Judge Will Not Punish Donald Trump for Sexual Assault Payment: Attorney

0
24

A retired judge overseeing Donald Trump’s New York companies will not punish him for transferring $40 million without her permission, a financial attorney has said.

The payments include $5.5 million to the woman that Trump was found to have sexually assaulted in a Manhattan dressing room, E. Jean Carroll.

Former U.S. District Court Judge Barbara Jones said in an email on Wednesday that Trump should have notified her of the transfers from his companies, which are at the center of Trump’s New York fraud trial. The email was sent to Judge Arthur Engoron, the judge presiding over the trial.

The transactions include a transfer of $29 million to Trump, which Jones said was used for tax payments. The other transfers in question were used for insurance premiums, as well as a $5.5 million payment related to the civil suit brought against Trump by Carroll.

In May, a New York court ordered Trump to pay Carroll $5 million for sexually assaulting her in the dressing room of a Manhattan department store in the mid-1990s. Part of the payment was for defamatory comments Trump made about her after she took her lawsuit against him.

Newsweek reached out to Trump’s attorney via email for comment on Friday.

Paul Golden, a partner at New York law firm Coffey Modica LLP, told Newsweek that Jones “appears to believe the transfers were made for legitimate purposes: tax payments, insurance premiums, and to an attorney escrow account” and that she would likely not sanction the former president.

Engoron ruled that Trump had used fraudulent evaluations of his corporations’ assets to obtain bank loans and to boost his public prestige. Engoron then ordered that the corporations be stripped of their business licenses—ending their right to trade. Jones was then appointed to oversee the corporations that own Trump Tower in Manhattan, the Mar-a-Largo estate in Florida, several New York golf courses and other major Trump properties.

Reviewing the documents in the case, Golden said that Jones had set up a “review protocol” through which Trump was supposed to notify her of $5 million transfers from the companies, which have been placed in a court-approved trust.

“In an April 11, 2023 email to the court, which was e-filed, Hon. Jones indicated that ‘I have established a Materiality Threshold and Review Protocol that has been accepted by the parties and is being submitted for the Court’s review,’ he said.

“Based on Hon. Jones’s November 29, 2023 email, one of the terms of the Materiality Threshold document was that defendants were obligated to “provide notice when entities within the Trust make transfers outside of the Trust with an aggregate value in excess of $5 million.

“It appears that Hon. Jones was indicating in that recent email that there were indeed transfers over that sum without notice. Hon. Jones further indicated that in response, she ‘clarified’ to defendants that ‘all transfers of assets out of the Trust exceeding $5 million must be reported,'” Golden said.

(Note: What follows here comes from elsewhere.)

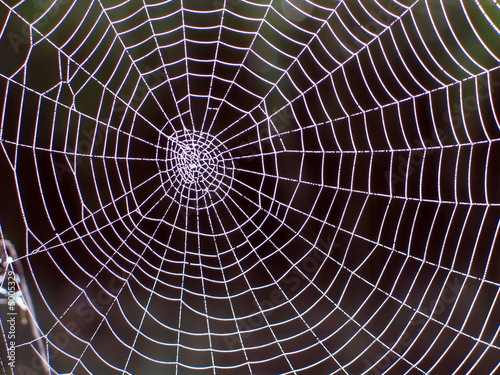 Spinnennetz Buy This Stock Photo And Explore Similar Images At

“Hon. Jones does not appear to be suggesting that defendants should be sanctioned if there was a breach of the Materiality Threshold document. This may be because Hon. Jones appears to believe the transfers were made for legitimate purposes: tax payments, insurance premiums, and to an attorney escrow account.”

Donald Trump speaks to a crowd of supporters on November 18, 2023, in Fort Dodge, Iowa. A retired judge said she didn’t approve of $40 million in payments from Trump companies she oversees.
Jim Vondruska/Getty Images

New York attorney Colleen Kerwick agreed that Jones likely saw that Trump was not trying to move assets to escape potential financial penalties in his fraud trial.

“The purpose of a fiscal monitor is to ensure that there was no dissipation of assets to defeat a potential future judgment. While there was an oversight with respect to noticing three transfers of funds in ten months above the materiality threshold to the monitor, those transfers transpired to be for legitimate purposes—tax payments, premiums and to an attorney escrow account, respectively. Moving forward, Trump has to disclose all transfers above the materiality threshold ($5M in aggregate) to the monitor,” Kerwick told Newsweek.

Trump, his two eldest sons, Donald Trump Jr. and Eric Trump, as well as the Trump Organization, are co-defendants in the $250 million civil fraud trial brought by New York Attorney General Letitia James. She is accusing Trump of inflating his net worth by billions of dollars to obtain benefits such as better bank loans and reduced tax bills.

The former president has pleaded not guilty and denies any wrongdoing. Trump has repeatedly said that the litigation was politically motivated to derail his 2024 presidential campaign, given that he is the front-runner for the Republican nomination.

In September, Engoron ruled that Trump, his adult sons, their businesses and executives committed fraud in their property valuations. The court will decide on six other accusations, including falsifying business records, insurance fraud and conspiracy claims.